Ancré dans le passé lointain d’un rite païen, Traces invite à travers son intrigue criminelle à une réflexion sur la pérennité des instincts ancestraux sous le glacis de la civilisation et de la sociabilité. Sur les écrans mercredi 8 février, Traces illustre la vitalité d’un cinéma portugais dont on n’a que trop rarement des nouvelles.
Inquiétante étrangeté
Lors d’une fête de village aux réminiscences païennes, le jeune Leaucarno est grièvement blessé par trois de ses compagnons. Vingt-cinq ans plus tard, il en subit toujours les conséquences et vit en marginal à l’orée de la communauté. Lors de nouvelles festivités, un drame va faire remonter à la surface ce passé douloureux, avec des conséquences tragiques.
Premier des trois longs métrages de Tiago Guedes à être projeté en France, Traces révèle un auteur-réalisateur de premier plan. L’exigence du scénario, la richesse des personnages, l’atmosphère rural de ce village reculé, et la beauté des images, participent d’un film à l’inquiétante étrangeté, aux limites du fantastique.
Regarder le passé en face
Le village où se déroule l’action est sous l’emprise d’un vent continuel qui alimente des éoliennes électriques. Cette touche de modernité dans un environnement qui semble hors du temps, souligne la persistance du passé. Tiago Guedes s’interroge sur la continuelle violence qui anime les hommes, dans leur quête de pouvoir et d’asservissement des plus faibles. Ces derniers sont personnifiés par Leaucarno, devenu le fou du village, et dont la différence fait peur. De la peur naît la colère et de la colère, la violence.
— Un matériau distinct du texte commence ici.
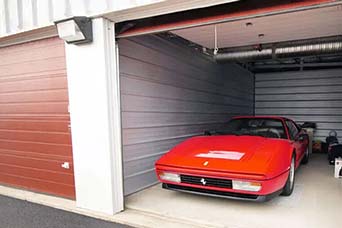 Red Car parked in a Self Storage Unit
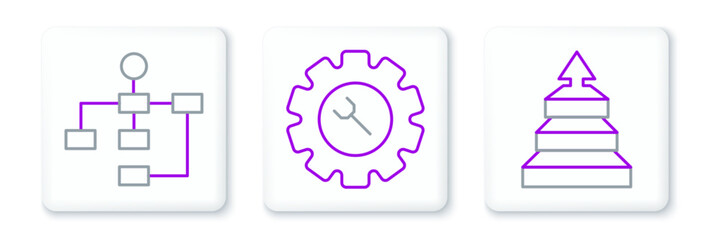 Set line Pyramid chart infographics, Hierarchy organogram and Wrench and gear icon. Vector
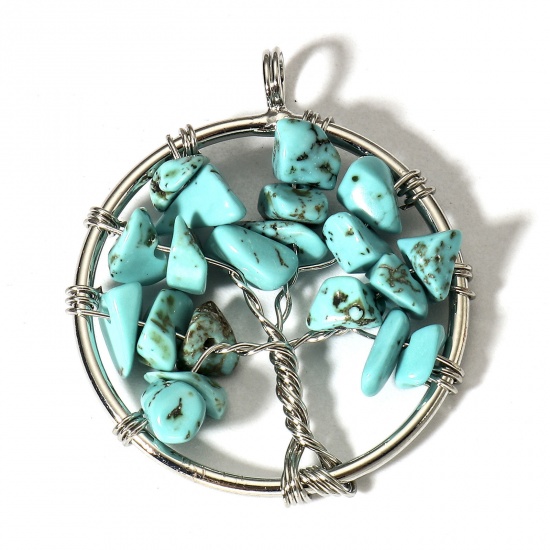 Picture of 1 Piece (Grade B) Turquoise ( Natural ) Wire Wrapped Pendants Silver Tone Round Tree of Life 3.4cm x 2.8cm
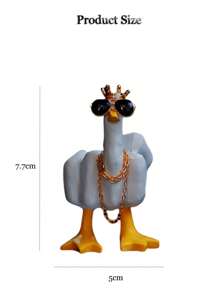 Interesting Middle Finger Duck Shaped Car Dashboard Ornament With Sunglasses And Chain, Car Interior Decorative Accessory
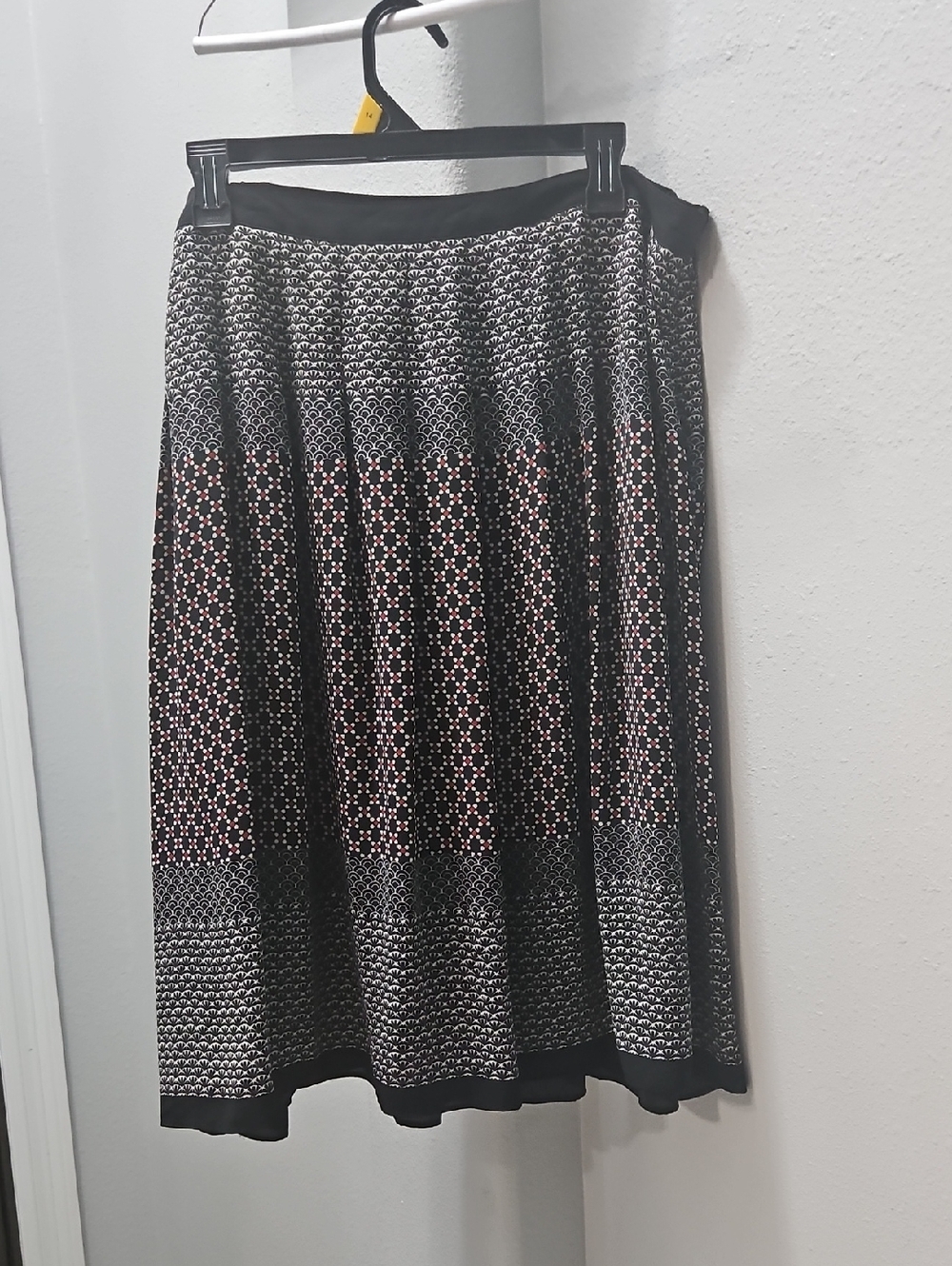 Talbots Black Midi Skirt with Pink Dot Pattern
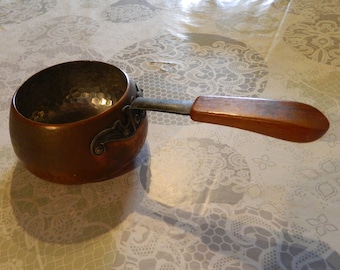 Vintage Copper Fondue Pot with Wooden Handle, Swiss Made Copper Saucepan with no lid from the 1970&#39;s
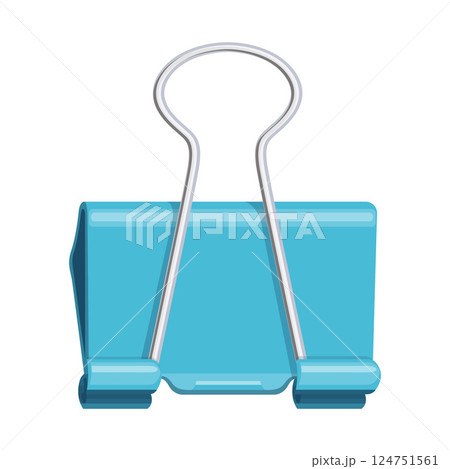 Blue Binder Clip with Silver Metal Arms Vector Illustration Image 124751561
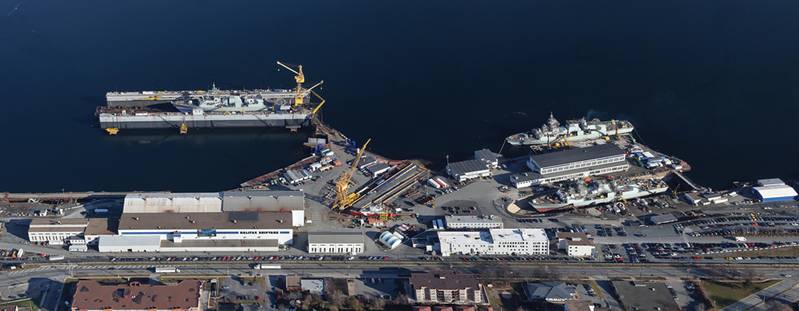 Irving Shipbuilding’s primary facility, Halifax Shipyard, with three Canadian Halifax-Class frigates in for service.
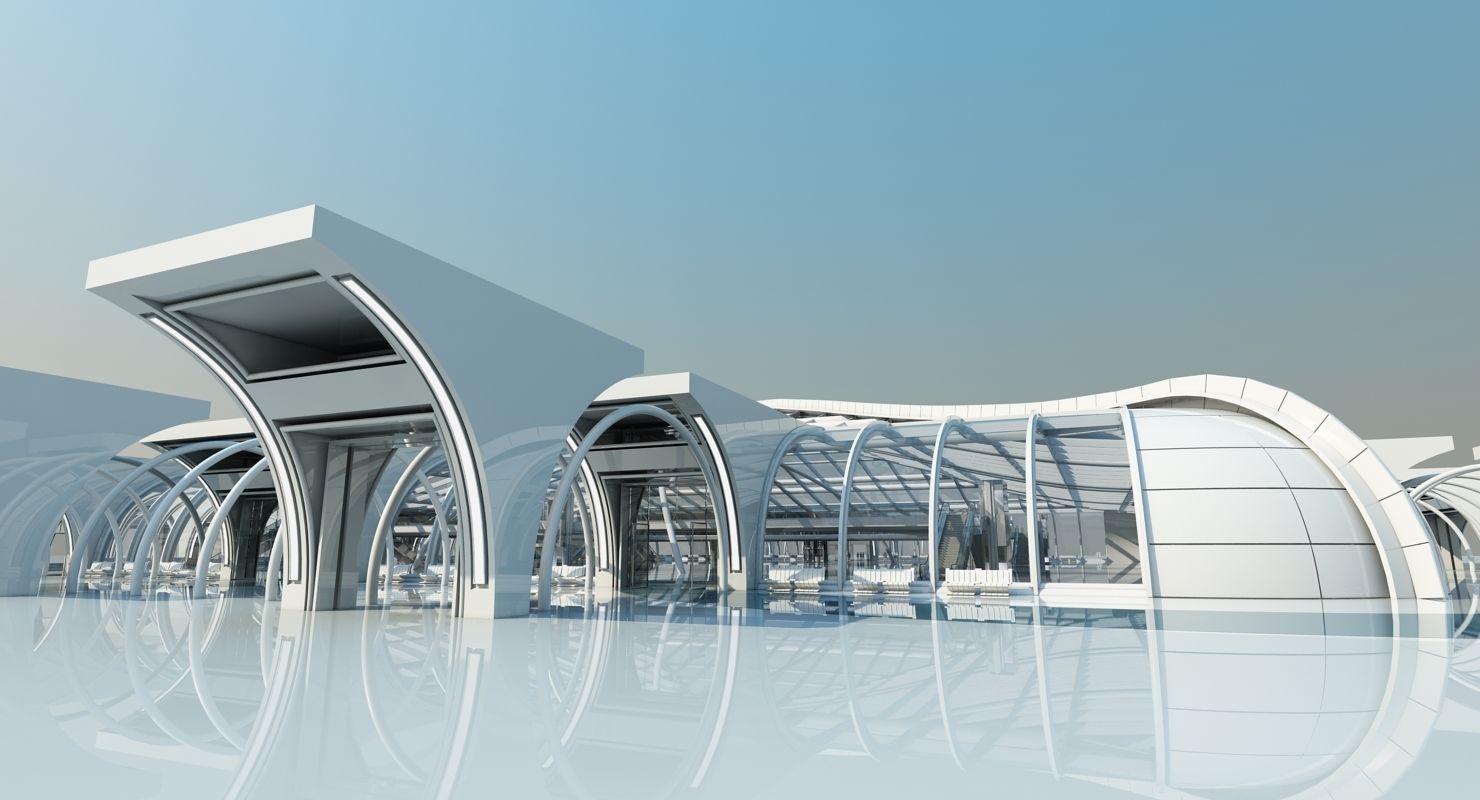 Futuristic Architectural Structure 3D model_5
Tiago Guedes traite son sujet avec profondeur dans un film qui prend son temps. Il envoûte avec ses paysages bucoliques, privilégiant de beaux cadres fixes et des plans séquence où domine une lumière tour à tour dorée ou froide. L’interprétation n’en est que plus valorisée, aboutissant à un bel équilibre entre le texte, les acteurs, et la mise en scène. Dans son intrigue et son action, Traces dénonce le refus de regarder le passé en face, de l’analyser pour l’exorciser. Tiago Guedes en déduit une répétition inexorable des actes, faute de prendre conscience des leçons de l’histoire.